:: Data extracts ::
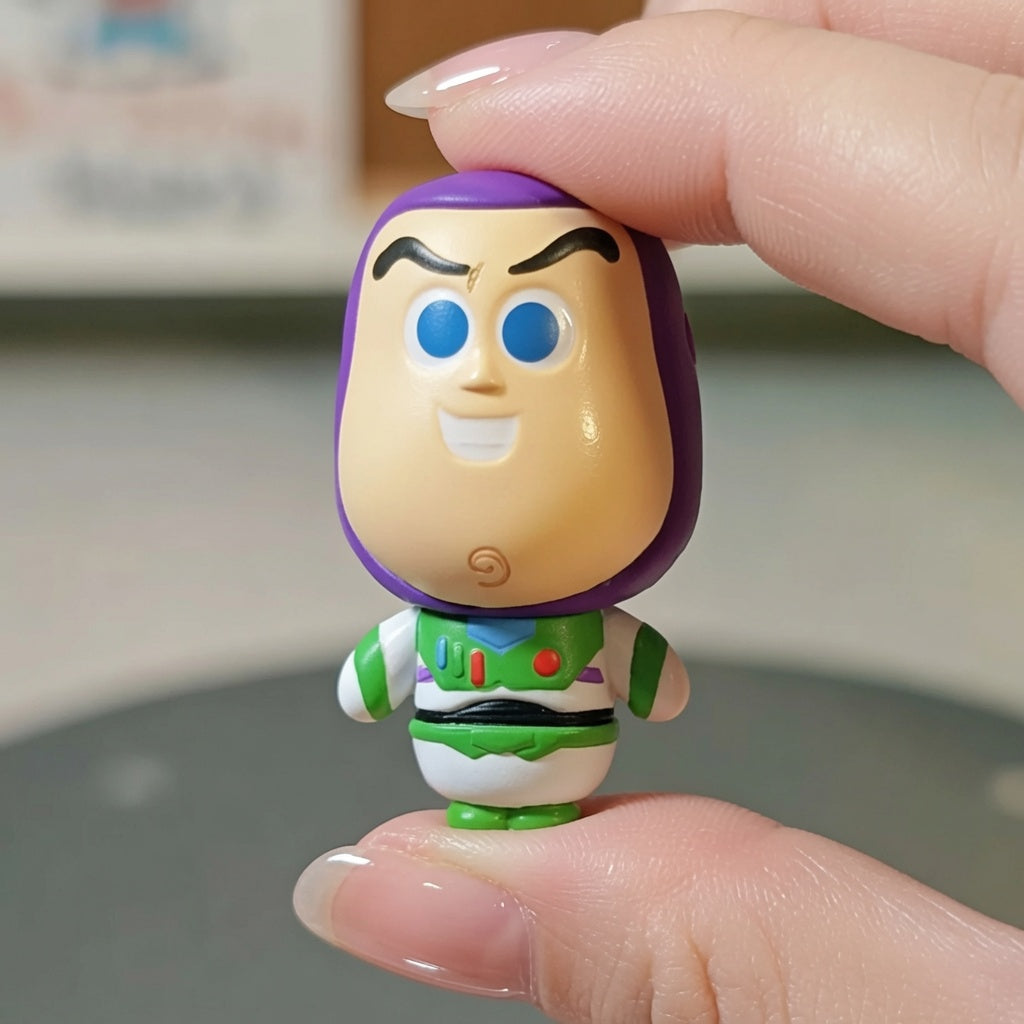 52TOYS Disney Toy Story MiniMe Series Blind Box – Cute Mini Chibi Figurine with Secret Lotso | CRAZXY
:::
:: Data extracts ::
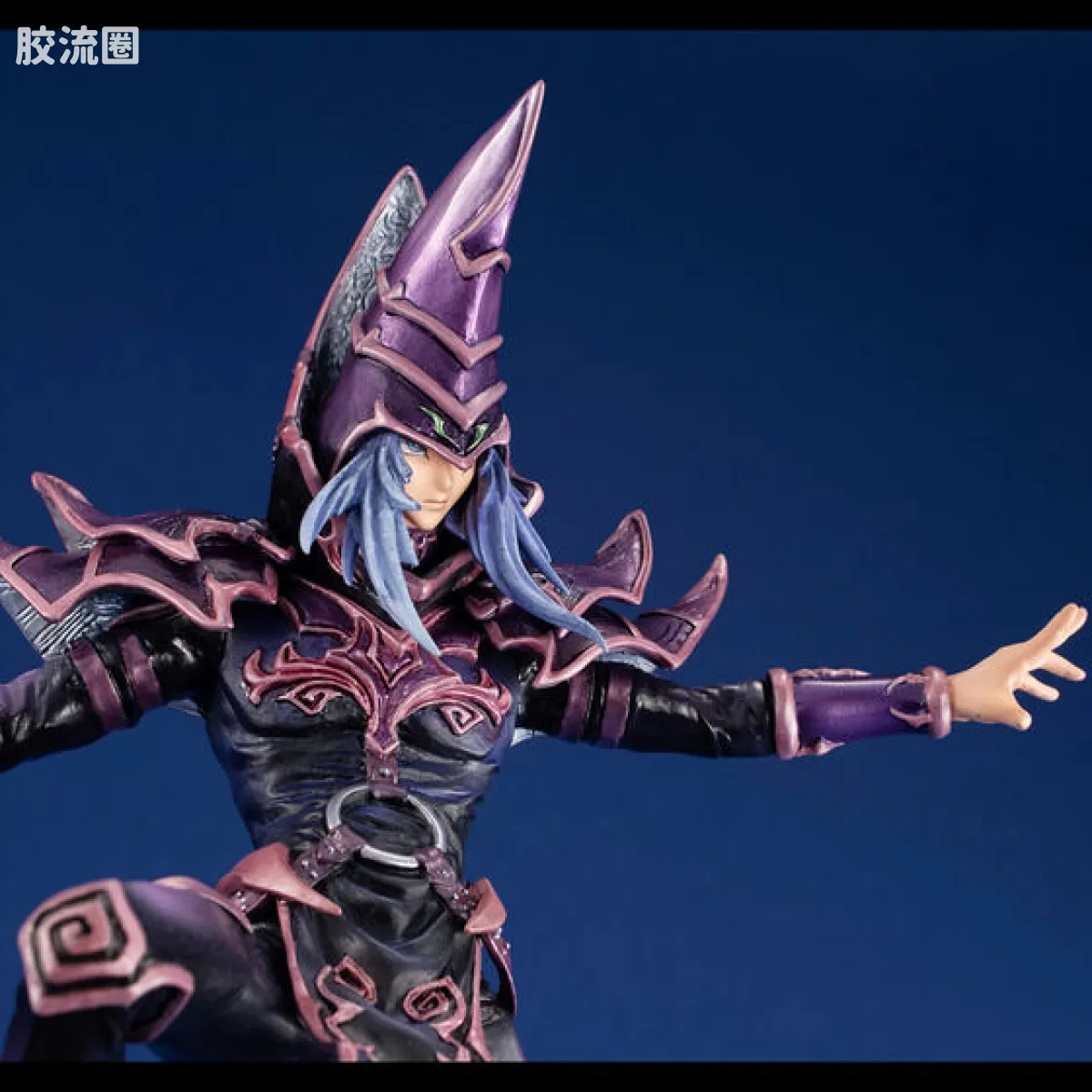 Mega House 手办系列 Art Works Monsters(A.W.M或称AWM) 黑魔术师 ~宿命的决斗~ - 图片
:::
:: Data extracts ::
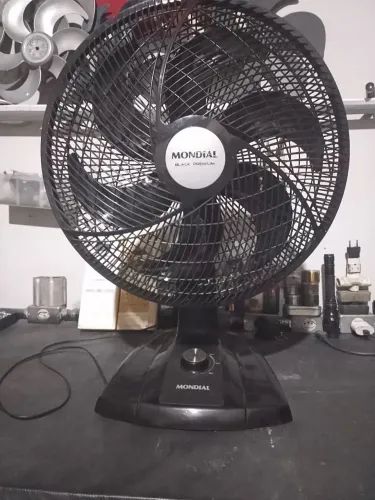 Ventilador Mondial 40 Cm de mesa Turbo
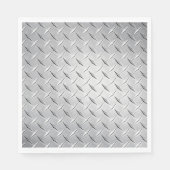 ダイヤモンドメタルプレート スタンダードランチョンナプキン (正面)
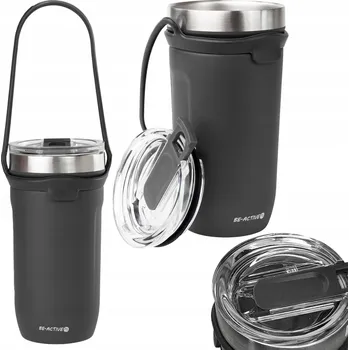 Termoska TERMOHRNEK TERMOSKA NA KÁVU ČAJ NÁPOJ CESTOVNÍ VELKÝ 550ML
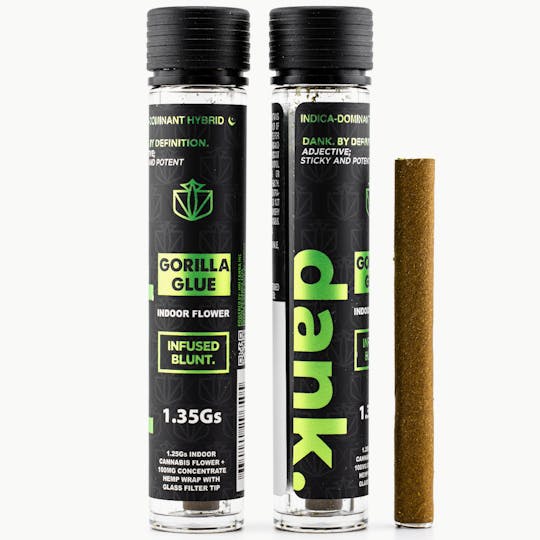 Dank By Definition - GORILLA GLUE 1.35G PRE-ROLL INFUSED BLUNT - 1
:::
* Exercise description
Reproduce the listing above exactly from the line containing "Ventilador Mondial 40 Cm de mesa Turbo" up to and including the line containing "Dank By Definition", omitting any images and everything outside those lines.

* Answer
 Ventilador Mondial 40 Cm de mesa Turbo
 ダイヤモンドメタルプレート スタンダードランチョンナプキン (正面)
 Termoska TERMOHRNEK TERMOSKA NA KÁVU ČAJ NÁPOJ CESTOVNÍ VELKÝ 550ML
 Dank By Definition - GORILLA GLUE 1.35G PRE-ROLL INFUSED BLUNT - 1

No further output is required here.